Research:Develop a working definition for moderation activity and moderators
Moderation is focused on the social and governance work needed to sustain an online community. This entails the creation and revision of community values, rules, and norms, and the social work required to support this (e.g. guiding discussion, modeling norms) in addition to the technical work of enforcing the space’s boundaries (by removing content or users that fall outside of these boundaries). We define Moderators as the human actors responsible for social, technical and governance work needed to sustain an online community, including the creation, revision and enforcement of community values, rules, and norms.
Based on comprehensive literature review, that includes academic and product-related work, we operationalize these definitions in a detailed list of moderation actions that we categorize according in 6 dimensions:
- Process Category: We group moderation actions according to the process type, for example: Governance Work, Patrolling or User Management.
- Significance for moderation: How much of a moderator action is it? While some activities can clearly be tagged as moderation, others could be considered as moderation depending on context. This dimension classifies actions as: Very, somewhat, Tenuous or Nonhuman actions.
- How common is it?: A classification of tasks according to their frequency.
- User Groups: The relation between the action and the need of extend user rights
- Expertise: A categorization of the expertise needed to perform the action
- Measurement: Based on an extensive data analysis, we categorize actions according to how easy or difficult they are to be measured. For example, actions reflected on meta-data (e.g. blocking a user) are simple to measure, others like protecting articles from SPAM are very difficult to measure.
Based on the previous approach and focusing on measurable actions at the article level, we gain a deeper understanding of moderation practices across various Wikipedia language editions. Specifically, we analyze moderation activity across 12 Wikipedia editions by examining all edits made in October 2024. Our analysis reveals significant differences in moderation activity between editions. The percentage of actions categorized as moderation ranges from less than 1% in some editions, such as German (0.09%) and Polish (0.53%), to nearly 10% in others, like Russian (9.6%). The English Wikipedia recorded 3.7% of edits as moderation actions. These findings reveal considerable variation in moderation activity across different language editions.
In this report, we also discuss the challenges of measuring and interpreting certain moderation activities. For instance, a decrease in reverts or blocks could indicate either a reduction in moderation, suggesting that issues are being left unaddressed (negative), or it could reflect proactive intervention, where problems are being resolved before corrective actions are necessary (positive). Despite these complexities, the methodologies outlined in this work enable us to effectively monitor key moderation activities. This, in turn, opens up opportunities to provide support to moderators and identify significant changes in their practices.
Goal
[edit]WMF has been investing in understanding and supporting moderators with tool development over the past couple of years. The WMF product and feature teams want to become more specific with interventions and for that they need to know who are moderators? The goal of this hypothesis is to have a working definition of moderators and moderation activities that meets essential metric criteria.
State of Research
[edit]We have conducted extensive prior research on the following processes, which we wish to call “moderator work”:
- Patrolling. This is the act of reviewing incoming new edits, judging their quality, and then allowing them to persist or reverting them. Key publicly available pieces of research include the Patroller Work Habits Survey, or the Patrolling on Wikipedia report.
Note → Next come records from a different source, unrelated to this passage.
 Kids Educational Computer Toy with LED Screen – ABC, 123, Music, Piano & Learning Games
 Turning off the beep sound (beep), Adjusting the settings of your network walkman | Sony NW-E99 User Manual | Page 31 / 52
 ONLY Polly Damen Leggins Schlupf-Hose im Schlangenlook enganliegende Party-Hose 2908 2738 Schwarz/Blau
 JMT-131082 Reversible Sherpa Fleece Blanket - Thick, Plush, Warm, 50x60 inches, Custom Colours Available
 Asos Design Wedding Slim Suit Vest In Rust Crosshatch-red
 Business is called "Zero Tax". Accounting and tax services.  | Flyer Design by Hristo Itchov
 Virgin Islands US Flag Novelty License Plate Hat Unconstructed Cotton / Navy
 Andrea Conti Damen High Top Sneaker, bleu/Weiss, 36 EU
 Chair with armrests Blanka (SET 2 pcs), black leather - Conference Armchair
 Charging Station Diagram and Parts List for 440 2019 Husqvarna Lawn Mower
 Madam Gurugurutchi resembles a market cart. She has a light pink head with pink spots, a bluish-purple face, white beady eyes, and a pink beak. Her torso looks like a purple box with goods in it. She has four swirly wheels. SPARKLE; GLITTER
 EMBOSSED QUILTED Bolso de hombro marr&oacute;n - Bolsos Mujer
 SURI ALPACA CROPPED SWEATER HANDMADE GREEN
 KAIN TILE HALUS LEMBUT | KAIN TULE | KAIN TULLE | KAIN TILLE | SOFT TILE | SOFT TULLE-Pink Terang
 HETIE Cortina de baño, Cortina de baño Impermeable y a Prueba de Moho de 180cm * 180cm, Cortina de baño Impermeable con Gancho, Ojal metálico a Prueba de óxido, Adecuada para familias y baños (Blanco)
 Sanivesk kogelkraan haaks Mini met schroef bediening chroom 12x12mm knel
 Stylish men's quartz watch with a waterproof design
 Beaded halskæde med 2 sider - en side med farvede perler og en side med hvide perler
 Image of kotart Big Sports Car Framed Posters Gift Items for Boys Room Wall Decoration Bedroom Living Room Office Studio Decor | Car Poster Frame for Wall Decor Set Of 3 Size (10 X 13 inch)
- Administrator actions. This is concurrently being researched as part of SDS 1.2.2 Wikipedia Administrator Recruitment, Retention, and Attrition, and can be summarized as a subset of actions that frequently require administrator rights, and therefore tend to be carried out by administrators. These are:
- Blocking and unblocking users,
- Deleting pages,
- Changing page protection settings,
- Changing user rights, especially to elevated user rights such as admin or other functionaries.
- Checkuser workflows. This concerns the activities carried out by users with the checkuser right, which allows them to use the Checkuser tool, which can reveal the IP addresses used by logged-in users as well as their useragents. Because this tool deals heavily with personally-identifying information, use of the tool is highly restricted. The tool is largely used for sockpuppet investigations by the volunteer community, and in certain cases by WMF T&S in the course of investigations.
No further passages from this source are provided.